[[ EXTRACTED RECORDS open ]]
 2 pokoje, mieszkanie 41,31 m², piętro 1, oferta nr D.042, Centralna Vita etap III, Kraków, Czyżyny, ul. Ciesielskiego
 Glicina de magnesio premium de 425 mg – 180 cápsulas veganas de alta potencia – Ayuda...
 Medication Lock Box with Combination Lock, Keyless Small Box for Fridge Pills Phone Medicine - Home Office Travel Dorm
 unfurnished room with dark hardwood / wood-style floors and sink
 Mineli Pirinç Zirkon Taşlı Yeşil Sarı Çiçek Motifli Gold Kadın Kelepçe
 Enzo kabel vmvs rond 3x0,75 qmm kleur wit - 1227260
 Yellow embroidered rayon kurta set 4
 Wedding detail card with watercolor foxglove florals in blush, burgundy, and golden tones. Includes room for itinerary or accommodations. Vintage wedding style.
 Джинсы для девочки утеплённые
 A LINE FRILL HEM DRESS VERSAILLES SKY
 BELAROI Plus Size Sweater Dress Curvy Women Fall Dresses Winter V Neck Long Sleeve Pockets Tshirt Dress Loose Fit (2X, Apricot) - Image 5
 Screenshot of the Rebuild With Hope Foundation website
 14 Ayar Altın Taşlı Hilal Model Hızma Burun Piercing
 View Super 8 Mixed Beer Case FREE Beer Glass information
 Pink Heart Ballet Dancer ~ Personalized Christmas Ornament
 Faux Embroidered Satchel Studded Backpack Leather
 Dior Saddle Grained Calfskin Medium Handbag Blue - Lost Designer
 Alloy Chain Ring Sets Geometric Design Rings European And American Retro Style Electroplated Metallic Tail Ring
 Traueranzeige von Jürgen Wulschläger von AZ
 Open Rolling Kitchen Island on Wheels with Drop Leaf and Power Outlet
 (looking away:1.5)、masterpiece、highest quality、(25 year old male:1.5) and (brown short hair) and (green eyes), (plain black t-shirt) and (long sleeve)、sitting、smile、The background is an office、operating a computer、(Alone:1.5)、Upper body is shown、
[[ EXTRACTED RECORDS closed ]]
[THE TASK]:
Nothing but the lines from the line containing "Wedding detail card" through the final line of the entries should appear in your answer, copied exactly.

[SOLUTION FOR THIS EXERCISE]:
 Wedding detail card with watercolor foxglove florals in blush, burgundy, and golden tones. Includes room for itinerary or accommodations. Vintage wedding style.
 Джинсы для девочки утеплённые
 A LINE FRILL HEM DRESS VERSAILLES SKY
 BELAROI Plus Size Sweater Dress Curvy Women Fall Dresses Winter V Neck Long Sleeve Pockets Tshirt Dress Loose Fit (2X, Apricot) - Image 5
 Screenshot of the Rebuild With Hope Foundation website
 14 Ayar Altın Taşlı Hilal Model Hızma Burun Piercing
 View Super 8 Mixed Beer Case FREE Beer Glass information
 Pink Heart Ballet Dancer ~ Personalized Christmas Ornament
 Faux Embroidered Satchel Studded Backpack Leather
 Dior Saddle Grained Calfskin Medium Handbag Blue - Lost Designer
 Alloy Chain Ring Sets Geometric Design Rings European And American Retro Style Electroplated Metallic Tail Ring
 Traueranzeige von Jürgen Wulschläger von AZ
 Open Rolling Kitchen Island on Wheels with Drop Leaf and Power Outlet
 (looking away:1.5)、masterpiece、highest quality、(25 year old male:1.5) and (brown short hair) and (green eyes), (plain black t-shirt) and (long sleeve)、sitting、smile、The background is an office、operating a computer、(Alone:1.5)、Upper body is shown、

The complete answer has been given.